INPUT RECORDS –
===============

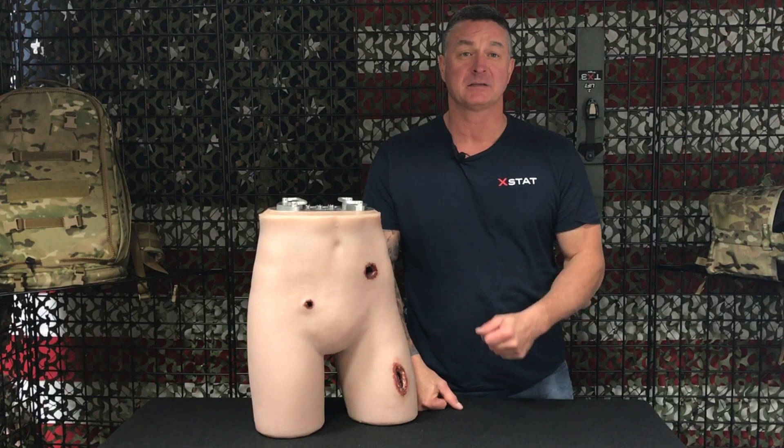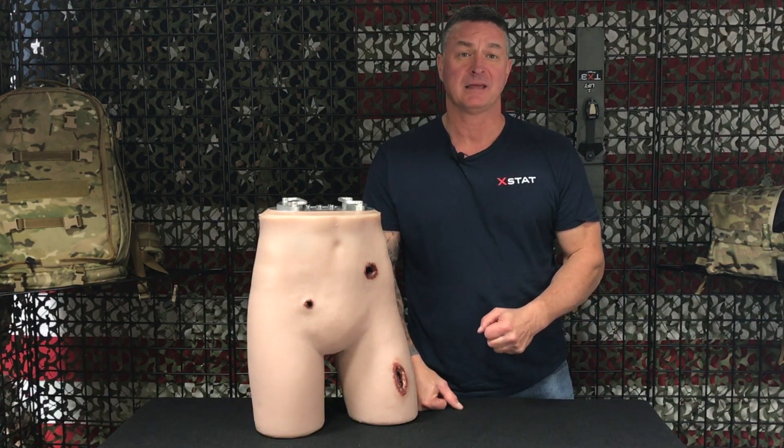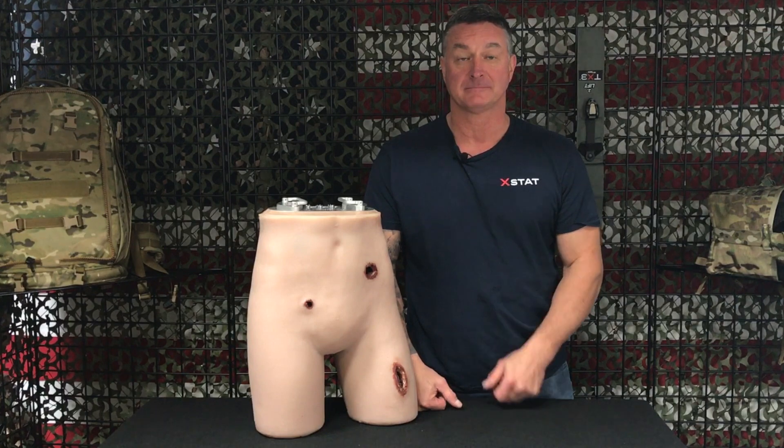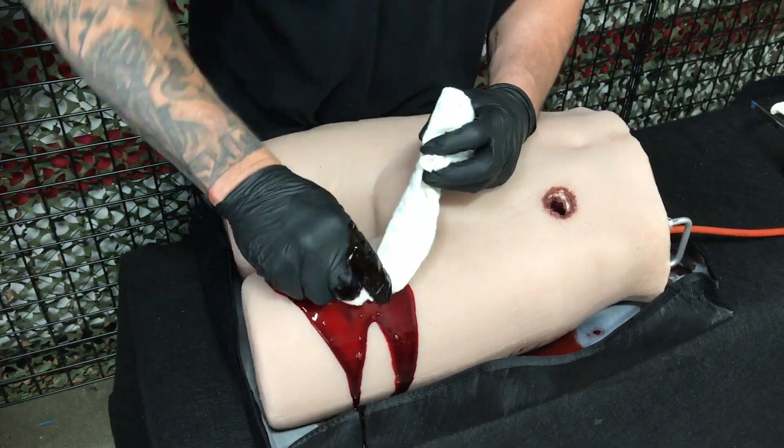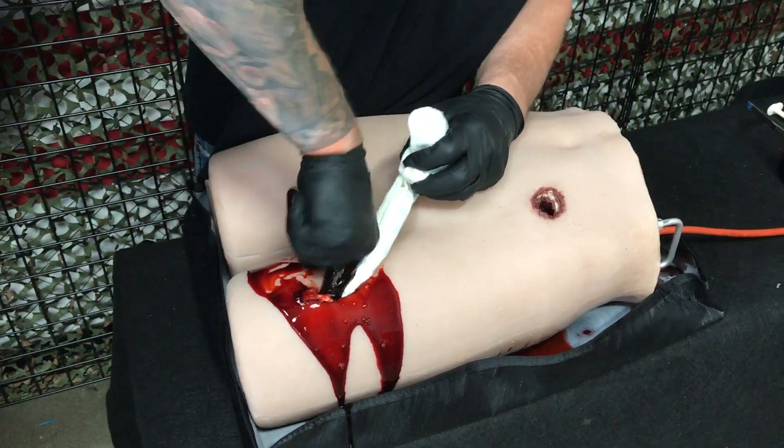Hi, this is John from RevMedics. Today we're going to go over the features of the RevMedics Multi-Task Training Mannequin. The Multi-Task Training Mannequin was designed to train with extant hemostatic applicators, tourniquets, junctional devices, and wound packing materials. Wound packing and tourniquet application are perishable skills. You must practice regularly to develop good muscle memory.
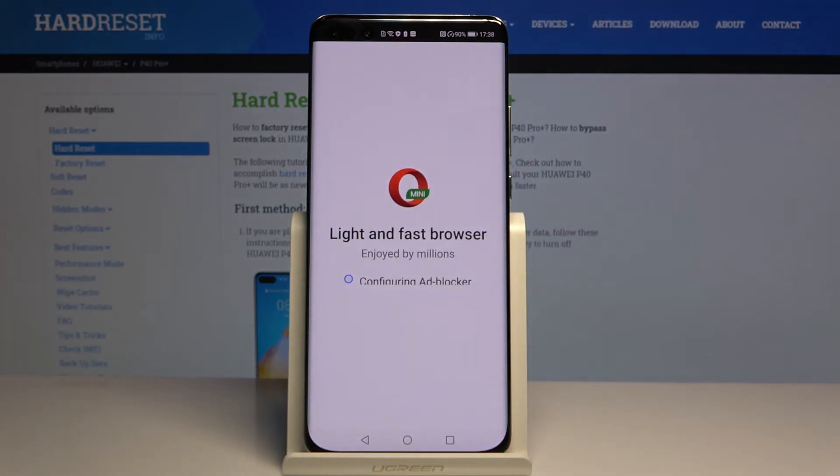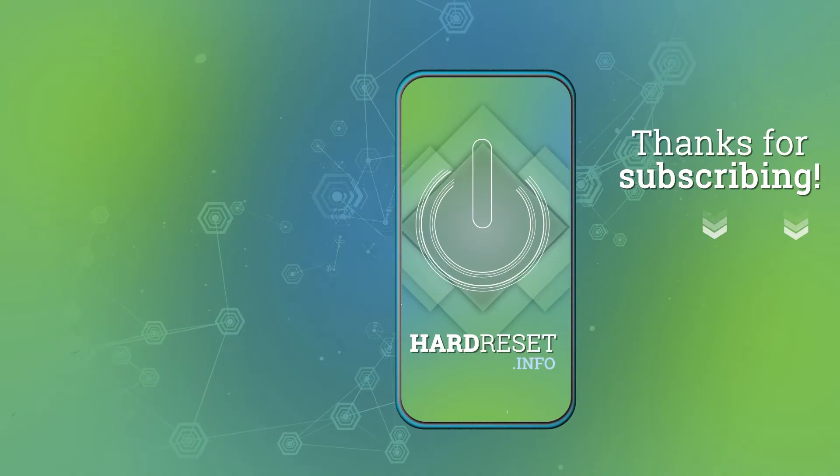So this is how it looks. Thank you guys for watching. Leave thumbs ups, comments, and subscribe to our channel.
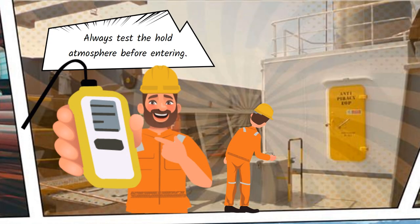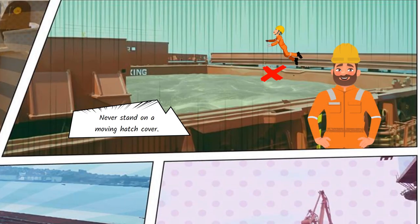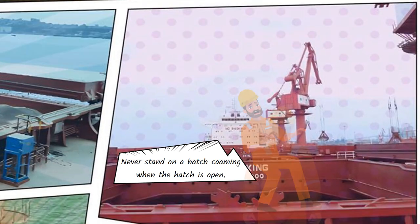Always test the hold atmosphere before entering. Never stand on a moving hatch cover. Never stand on a hatch coaming when the hatch is open.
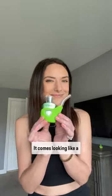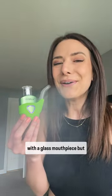This is an e-nail and a honey pipe in one. I'll show you how it works. X-Maxx just dropped this — it's called the Riggo. It comes looking like a Sherlock in a silicone sleeve with a glass mouthpiece.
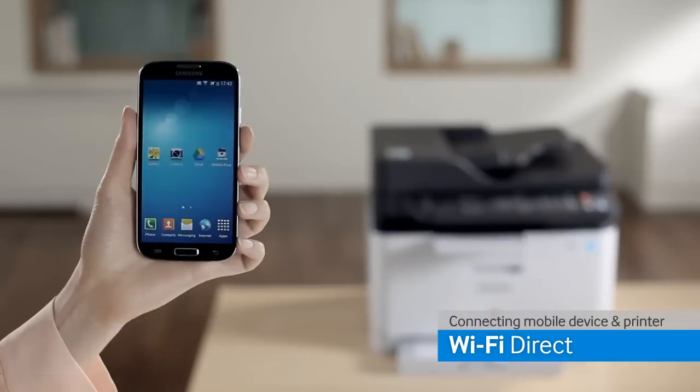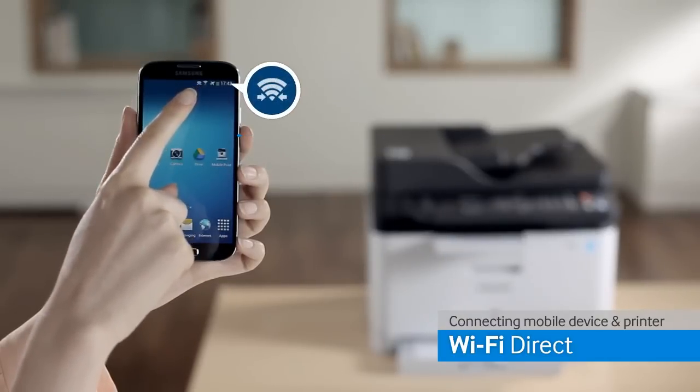on the printer. They will connect directly without requiring a wireless router.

===============

PROMPT – With the pictures left out, copy exactly the lines from the one containing "Always test the" through the final line of the records above, both included.

ANSWER SPACE –
Always test the hold atmosphere before entering. Never stand on a moving hatch cover. Never stand on a hatch coaming when the hatch is open.
This is an e-nail and a honey pipe in one. I'll show you how it works. X-Maxx just dropped this — it's called the Riggo. It comes looking like a Sherlock in a silicone sleeve with a glass mouthpiece.
on the printer. They will connect directly without requiring a wireless router.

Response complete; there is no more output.